©2006-2014 Asian Research Publishing Network (ARPN). All rights reserved.



www.arpnjournals.com

# NEW EMBEDDED COMPUTING ARCHITECTURE USING HETEROGENEOUS PROCESSORS FOR FAST PROCESSING AND LOWER COMPLEXITY

Muataz Hameed Salih, R. Badlishah Ahmed, L.A. Hassnawi, R. Kh. Al-Janabi and Omar. F. Yousif School of Computer and Communication Engineering Universiti Malaysia Perlis (UniMAP) Perlis, Malaysia E-Mail: <u>muataz@unimap.edu.my</u>

### ABSTRACT

When it comes to communicating between processors in a Multi-Computing system, there are many choices. Exotic architectures are available with tens to hundreds of cores. This allows plentiful processing power to be utilized on problems. However, how to retain the cores feed with data? Core is a wasted resource when idle. Both of bandwidth between resources and latency incurred in transfers are performance concern. That can significantly affect the bandwidth for small transfers and can also make the system-transfer function exceed its design requirements for real-time operation. The solution to this problem lies in multi-level of computing architecture. A new architecture at SoC and chip level is designed and implemented to come up with high-performance embedded multi-computing architecture for AUV. It will be based on FPGA technology that will be as computing unit and router for other processing units as well. The designed architecture provides a concurrent environment for programming and testing. Furthermore, numerous FPGA mega core modules are provided to easily verify the targeted problem, address processing issues and balance data movement with processing power. The outputs and deliverables from the designed architecture are manifold in terms of performance and throughput accuracy; covering a sensing area of over 95%. The designed architecture seeks to provide dynamic reconfigurable platform with the knowledge and tools needed to improve in today's academic, research, industry environment and realistic applications.

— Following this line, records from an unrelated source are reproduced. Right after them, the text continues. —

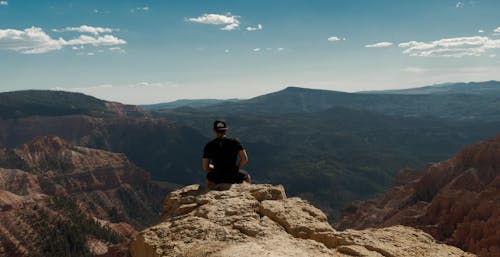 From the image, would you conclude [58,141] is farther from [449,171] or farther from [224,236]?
[224,236]

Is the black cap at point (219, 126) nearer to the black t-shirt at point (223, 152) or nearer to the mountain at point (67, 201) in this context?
the black t-shirt at point (223, 152)

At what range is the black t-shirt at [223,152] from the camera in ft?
42.1

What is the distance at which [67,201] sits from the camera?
13375cm

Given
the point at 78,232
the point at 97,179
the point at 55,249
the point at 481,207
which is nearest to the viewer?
the point at 481,207

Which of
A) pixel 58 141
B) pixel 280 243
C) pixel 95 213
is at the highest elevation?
pixel 280 243

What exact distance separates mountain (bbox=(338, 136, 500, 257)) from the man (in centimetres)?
4042

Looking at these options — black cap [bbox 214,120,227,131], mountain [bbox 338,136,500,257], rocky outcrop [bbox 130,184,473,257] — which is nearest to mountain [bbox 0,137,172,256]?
mountain [bbox 338,136,500,257]

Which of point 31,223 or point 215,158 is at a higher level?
point 215,158

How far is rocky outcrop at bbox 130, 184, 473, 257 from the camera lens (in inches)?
345

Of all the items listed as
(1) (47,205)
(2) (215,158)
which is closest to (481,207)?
(2) (215,158)

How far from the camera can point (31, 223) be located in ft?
359

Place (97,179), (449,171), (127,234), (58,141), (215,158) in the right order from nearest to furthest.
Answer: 1. (215,158)
2. (449,171)
3. (127,234)
4. (97,179)
5. (58,141)

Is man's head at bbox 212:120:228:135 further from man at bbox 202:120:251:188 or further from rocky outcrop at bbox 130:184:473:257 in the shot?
rocky outcrop at bbox 130:184:473:257

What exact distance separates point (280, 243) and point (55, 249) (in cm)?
10886
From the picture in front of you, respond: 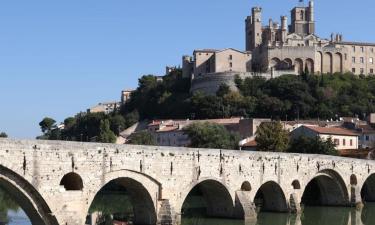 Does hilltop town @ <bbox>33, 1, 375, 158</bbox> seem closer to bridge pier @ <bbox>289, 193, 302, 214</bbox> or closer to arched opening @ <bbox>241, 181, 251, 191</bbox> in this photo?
bridge pier @ <bbox>289, 193, 302, 214</bbox>

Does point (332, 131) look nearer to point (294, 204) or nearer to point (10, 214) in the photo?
point (294, 204)

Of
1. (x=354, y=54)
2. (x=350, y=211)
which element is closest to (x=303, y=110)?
(x=354, y=54)

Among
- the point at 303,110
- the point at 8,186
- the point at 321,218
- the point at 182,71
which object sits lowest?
the point at 321,218

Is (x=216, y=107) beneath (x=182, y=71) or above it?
beneath

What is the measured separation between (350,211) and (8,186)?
2395cm

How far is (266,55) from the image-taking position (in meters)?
97.5

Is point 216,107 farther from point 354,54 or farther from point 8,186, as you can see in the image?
point 8,186

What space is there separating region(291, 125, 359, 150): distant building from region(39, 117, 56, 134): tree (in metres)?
62.9

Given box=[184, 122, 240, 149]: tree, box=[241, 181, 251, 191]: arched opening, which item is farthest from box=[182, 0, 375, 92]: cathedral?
box=[241, 181, 251, 191]: arched opening

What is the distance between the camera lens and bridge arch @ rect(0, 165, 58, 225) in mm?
22438

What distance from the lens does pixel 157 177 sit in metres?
28.0

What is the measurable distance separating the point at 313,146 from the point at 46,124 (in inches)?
2994

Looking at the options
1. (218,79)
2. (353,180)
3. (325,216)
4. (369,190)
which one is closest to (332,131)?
(369,190)

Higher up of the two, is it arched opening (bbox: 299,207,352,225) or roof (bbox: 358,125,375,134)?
roof (bbox: 358,125,375,134)
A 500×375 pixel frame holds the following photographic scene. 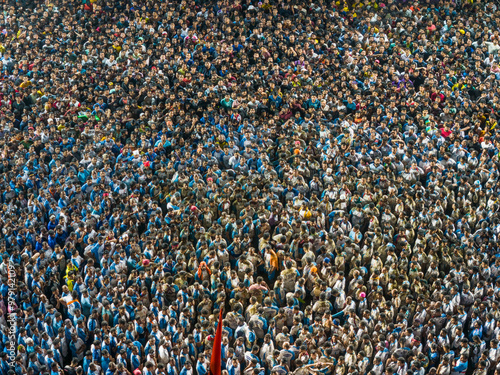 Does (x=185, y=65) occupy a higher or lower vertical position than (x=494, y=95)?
lower

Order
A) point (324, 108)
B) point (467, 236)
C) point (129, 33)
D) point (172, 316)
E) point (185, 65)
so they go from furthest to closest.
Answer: point (129, 33) < point (185, 65) < point (324, 108) < point (467, 236) < point (172, 316)

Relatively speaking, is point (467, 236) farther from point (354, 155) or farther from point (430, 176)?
point (354, 155)

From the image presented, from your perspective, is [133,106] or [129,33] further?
[129,33]

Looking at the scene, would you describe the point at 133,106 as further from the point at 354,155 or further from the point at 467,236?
the point at 467,236

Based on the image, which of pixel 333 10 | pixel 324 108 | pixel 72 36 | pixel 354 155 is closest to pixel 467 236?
pixel 354 155

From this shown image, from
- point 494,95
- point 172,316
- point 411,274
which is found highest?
point 494,95

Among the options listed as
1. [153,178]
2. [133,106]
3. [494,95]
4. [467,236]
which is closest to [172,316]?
[153,178]


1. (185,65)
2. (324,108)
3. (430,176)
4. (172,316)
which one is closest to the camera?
(172,316) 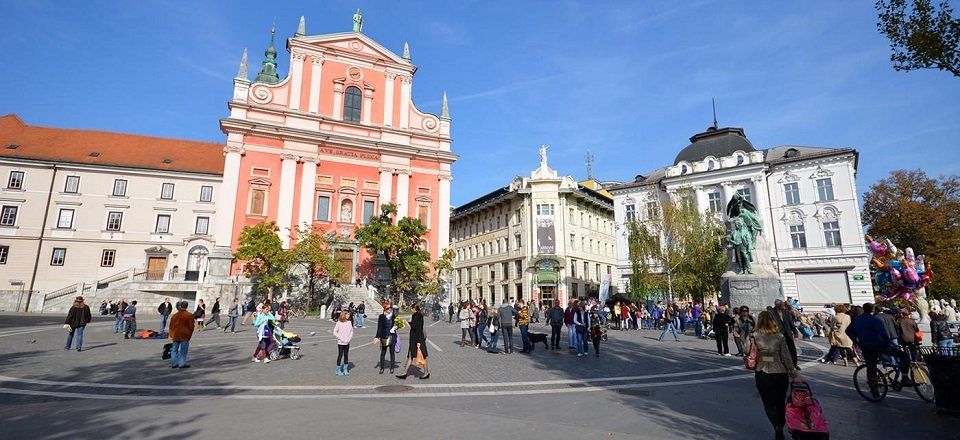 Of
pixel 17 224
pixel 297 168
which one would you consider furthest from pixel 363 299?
pixel 17 224

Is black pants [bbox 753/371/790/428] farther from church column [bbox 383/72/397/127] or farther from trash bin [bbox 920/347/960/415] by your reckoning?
church column [bbox 383/72/397/127]

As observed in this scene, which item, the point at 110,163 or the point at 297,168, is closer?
the point at 297,168

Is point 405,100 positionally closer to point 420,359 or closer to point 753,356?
point 420,359

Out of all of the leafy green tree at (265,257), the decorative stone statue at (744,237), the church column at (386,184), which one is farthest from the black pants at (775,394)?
the church column at (386,184)

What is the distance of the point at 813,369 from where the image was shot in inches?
421

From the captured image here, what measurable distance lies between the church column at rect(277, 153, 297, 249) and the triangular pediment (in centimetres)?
1011

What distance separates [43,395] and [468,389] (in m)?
6.97

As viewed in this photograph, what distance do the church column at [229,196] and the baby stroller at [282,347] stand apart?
77.5ft

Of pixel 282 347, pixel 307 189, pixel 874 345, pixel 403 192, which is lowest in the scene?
pixel 282 347

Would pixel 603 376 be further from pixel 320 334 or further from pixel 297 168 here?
pixel 297 168

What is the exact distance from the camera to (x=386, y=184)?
3856cm

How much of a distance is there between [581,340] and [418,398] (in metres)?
7.13

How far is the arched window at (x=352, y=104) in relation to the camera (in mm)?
39750

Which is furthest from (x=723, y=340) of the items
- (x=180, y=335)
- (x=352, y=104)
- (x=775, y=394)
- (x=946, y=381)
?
(x=352, y=104) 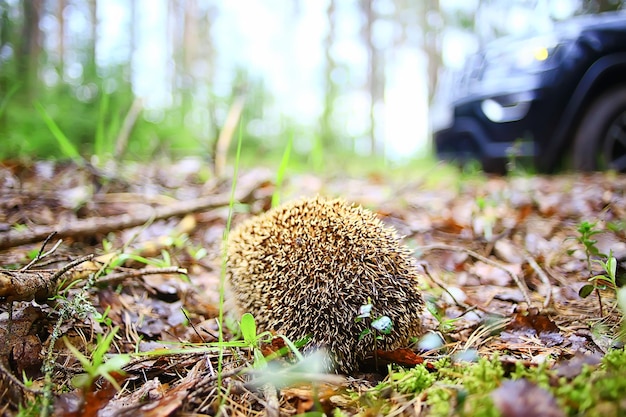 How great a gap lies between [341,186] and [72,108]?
3852 mm

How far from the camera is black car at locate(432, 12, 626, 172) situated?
4.59 meters

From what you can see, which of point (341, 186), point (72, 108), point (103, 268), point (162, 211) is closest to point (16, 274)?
point (103, 268)

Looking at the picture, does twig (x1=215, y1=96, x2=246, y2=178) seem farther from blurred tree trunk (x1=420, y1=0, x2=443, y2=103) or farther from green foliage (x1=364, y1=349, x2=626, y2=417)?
blurred tree trunk (x1=420, y1=0, x2=443, y2=103)

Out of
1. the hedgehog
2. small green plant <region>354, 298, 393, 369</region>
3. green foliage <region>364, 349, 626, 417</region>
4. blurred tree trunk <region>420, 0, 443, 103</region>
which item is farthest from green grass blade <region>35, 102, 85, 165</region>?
blurred tree trunk <region>420, 0, 443, 103</region>

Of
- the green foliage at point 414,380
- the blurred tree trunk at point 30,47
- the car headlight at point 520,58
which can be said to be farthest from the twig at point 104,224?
the blurred tree trunk at point 30,47

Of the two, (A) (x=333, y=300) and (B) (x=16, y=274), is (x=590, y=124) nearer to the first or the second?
(A) (x=333, y=300)

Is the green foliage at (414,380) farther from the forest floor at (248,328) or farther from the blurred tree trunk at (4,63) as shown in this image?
the blurred tree trunk at (4,63)

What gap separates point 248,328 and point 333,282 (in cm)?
39

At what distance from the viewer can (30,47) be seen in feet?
18.9

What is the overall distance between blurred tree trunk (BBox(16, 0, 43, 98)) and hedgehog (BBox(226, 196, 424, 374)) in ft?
17.5

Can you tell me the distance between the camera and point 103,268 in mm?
2115

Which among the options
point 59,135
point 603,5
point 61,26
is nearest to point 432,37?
point 603,5

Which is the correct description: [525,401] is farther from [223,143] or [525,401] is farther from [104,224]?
[223,143]

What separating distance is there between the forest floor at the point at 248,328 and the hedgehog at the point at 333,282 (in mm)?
120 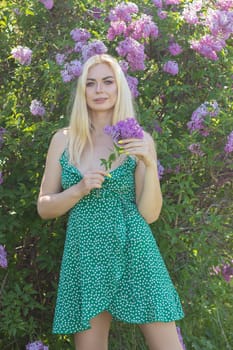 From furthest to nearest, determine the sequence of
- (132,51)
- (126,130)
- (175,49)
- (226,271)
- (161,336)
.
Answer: (226,271)
(175,49)
(132,51)
(161,336)
(126,130)

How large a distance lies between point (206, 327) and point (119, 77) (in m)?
2.00

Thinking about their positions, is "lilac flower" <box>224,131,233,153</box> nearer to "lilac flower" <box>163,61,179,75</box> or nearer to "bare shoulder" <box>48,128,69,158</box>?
"lilac flower" <box>163,61,179,75</box>

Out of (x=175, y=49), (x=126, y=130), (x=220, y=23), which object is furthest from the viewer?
(x=175, y=49)

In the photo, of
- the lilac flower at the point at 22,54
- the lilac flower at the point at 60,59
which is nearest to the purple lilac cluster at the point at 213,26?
the lilac flower at the point at 60,59

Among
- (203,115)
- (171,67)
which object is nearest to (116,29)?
(171,67)

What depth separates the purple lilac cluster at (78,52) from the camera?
13.6 feet

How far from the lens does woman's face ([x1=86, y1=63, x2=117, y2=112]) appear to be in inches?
144

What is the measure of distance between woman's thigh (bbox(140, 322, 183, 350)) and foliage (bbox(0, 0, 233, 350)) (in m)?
0.78

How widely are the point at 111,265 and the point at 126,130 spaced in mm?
556

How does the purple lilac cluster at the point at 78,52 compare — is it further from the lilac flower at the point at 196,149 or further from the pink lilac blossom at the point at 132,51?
the lilac flower at the point at 196,149

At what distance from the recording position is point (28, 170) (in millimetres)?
4266

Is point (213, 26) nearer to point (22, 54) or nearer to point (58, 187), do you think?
point (22, 54)

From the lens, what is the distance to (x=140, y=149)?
3.39 m

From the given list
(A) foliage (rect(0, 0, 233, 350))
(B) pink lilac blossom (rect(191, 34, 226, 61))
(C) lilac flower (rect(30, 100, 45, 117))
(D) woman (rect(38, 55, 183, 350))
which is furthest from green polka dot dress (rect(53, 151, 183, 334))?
(B) pink lilac blossom (rect(191, 34, 226, 61)) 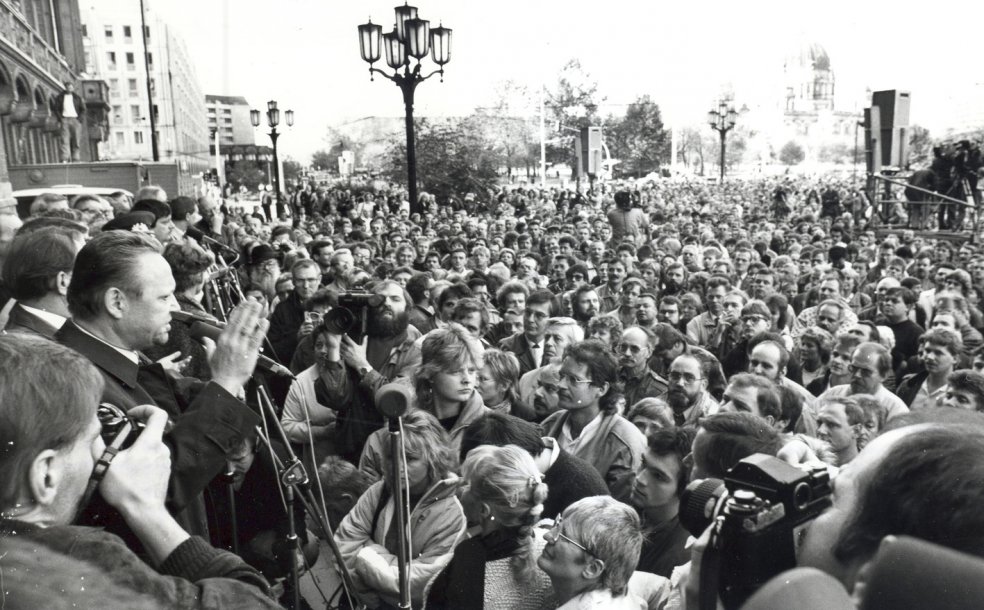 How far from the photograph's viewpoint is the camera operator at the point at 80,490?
1.05m

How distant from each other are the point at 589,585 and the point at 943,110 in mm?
42355

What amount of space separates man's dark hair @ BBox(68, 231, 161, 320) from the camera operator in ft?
2.49

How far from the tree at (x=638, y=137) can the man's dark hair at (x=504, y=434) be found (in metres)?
52.3

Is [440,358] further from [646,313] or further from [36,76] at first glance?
[36,76]

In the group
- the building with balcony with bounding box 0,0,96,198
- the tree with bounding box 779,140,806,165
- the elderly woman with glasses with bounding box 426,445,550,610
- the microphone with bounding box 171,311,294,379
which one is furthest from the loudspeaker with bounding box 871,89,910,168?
the tree with bounding box 779,140,806,165

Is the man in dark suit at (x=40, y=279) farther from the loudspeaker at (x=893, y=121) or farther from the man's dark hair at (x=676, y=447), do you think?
the loudspeaker at (x=893, y=121)

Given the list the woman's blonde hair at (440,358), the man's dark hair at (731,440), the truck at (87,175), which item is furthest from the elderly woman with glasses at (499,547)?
the truck at (87,175)

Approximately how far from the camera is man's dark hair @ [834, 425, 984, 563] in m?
0.93

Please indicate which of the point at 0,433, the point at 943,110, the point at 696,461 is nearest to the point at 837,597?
the point at 0,433

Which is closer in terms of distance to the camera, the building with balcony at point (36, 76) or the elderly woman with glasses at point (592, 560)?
the elderly woman with glasses at point (592, 560)

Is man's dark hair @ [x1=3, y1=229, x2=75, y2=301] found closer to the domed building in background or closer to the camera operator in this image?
the camera operator

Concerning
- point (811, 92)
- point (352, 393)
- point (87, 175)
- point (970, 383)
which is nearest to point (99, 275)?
point (352, 393)

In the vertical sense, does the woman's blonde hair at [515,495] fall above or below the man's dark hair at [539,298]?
below

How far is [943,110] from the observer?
38.2 metres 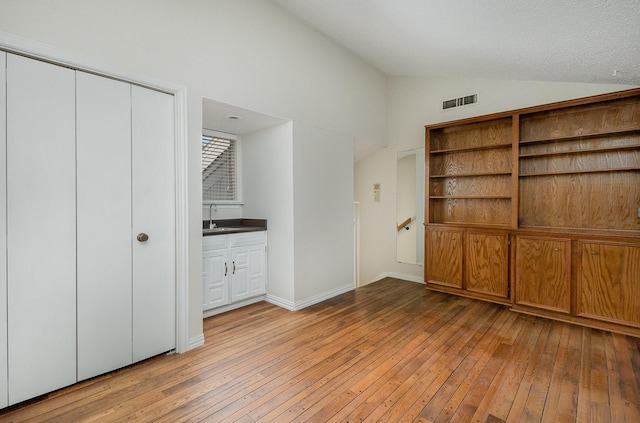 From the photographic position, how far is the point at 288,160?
3424mm

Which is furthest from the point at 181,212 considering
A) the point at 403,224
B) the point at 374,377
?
the point at 403,224

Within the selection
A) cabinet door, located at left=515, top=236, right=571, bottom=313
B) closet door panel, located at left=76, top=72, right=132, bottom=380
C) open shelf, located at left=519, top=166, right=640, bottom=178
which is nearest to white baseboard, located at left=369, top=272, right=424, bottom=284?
cabinet door, located at left=515, top=236, right=571, bottom=313

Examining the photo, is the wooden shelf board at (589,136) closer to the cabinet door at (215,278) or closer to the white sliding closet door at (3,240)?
the cabinet door at (215,278)

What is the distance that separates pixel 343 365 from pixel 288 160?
7.13 feet

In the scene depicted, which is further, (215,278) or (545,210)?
(545,210)

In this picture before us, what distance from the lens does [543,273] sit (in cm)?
320

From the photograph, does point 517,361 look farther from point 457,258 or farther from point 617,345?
point 457,258

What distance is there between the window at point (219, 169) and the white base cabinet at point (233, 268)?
2.37 feet

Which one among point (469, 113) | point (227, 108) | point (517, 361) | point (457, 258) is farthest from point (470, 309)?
point (227, 108)

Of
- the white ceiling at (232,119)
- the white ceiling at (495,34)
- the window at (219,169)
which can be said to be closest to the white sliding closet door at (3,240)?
the white ceiling at (232,119)

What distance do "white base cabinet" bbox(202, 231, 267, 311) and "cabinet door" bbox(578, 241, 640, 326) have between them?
11.2 feet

Keywords: embedded system design, FPGA system design, simultaneous multithreading, autonomous underwater vehicle.

### INTRODUCTION

In order to ensure speedy and accurate processing throughput, the underwater vehicle system needs a precise and efficient computational monitoring platform. Moreover, precision is also important to lower the operational complexity and facilitate the decision making process. To make the system easy-to-handle and manage, the computational platform should be compact and scalable.

The current platforms for underwater vehicle system used commercially by developers consist of Digital Signal Processing (DSP) chip, microcontroller, ATX-PC board and embedded single soft processor on an FPGA. Though the platform operates in a systematic way, it consists of a number of phases and there are two major problems that challenge the effectiveness of these platforms. The entire procedure of fetching data, processing it, filtering information and produce results make the process of decision making ambiguous and unnecessarily complex. Moreover, when there are so many factors working together, there are unnecessary processing delays due to synchronization, information transfer. Hardware issues like computational power and architectural units' synchronization can also cause significant delay in data processing which impacts the accuracy of decision making process. This is the reason that researchers and developers are coming up with alternate solutions and more robust architectural design for underwater vehicle system.

One way to remove the inability issue and facilitate fast data processing is to determine the post

processing scenarios. Developers and researchers, think data delays are caused due to issues during the data processing process, therefore they are considering on the post-processing data analysis first in order to resolve the inability issue. However, the post-processing procedures of data processing and operation are mostly accurate and robust therefore the idea of post-processing analysis is not applicable to online mission. So, to completely avoid the post-processing approach a robust, effective computational platform is required for the submarine vehicles system.

### Multiprocessor

#### **Embedded computing**

Although it is not easy to figure the differences between general purpose computing and embedded computing, general purpose computers are not as scalable as embedded computers. Embedded computers have evolved from large-sized working stations to on-chip systems. Moreover, embedded computers have also improved considerably in terms of sophistication, data processing and complexity. With the advent of semiconductors in the IT world, embedded computers have become more reliable and robust than ever and their prices have also dropped considerably. Below is a detailed discussion about the major differences between general purpose and embedded computer and their applications [1, 2].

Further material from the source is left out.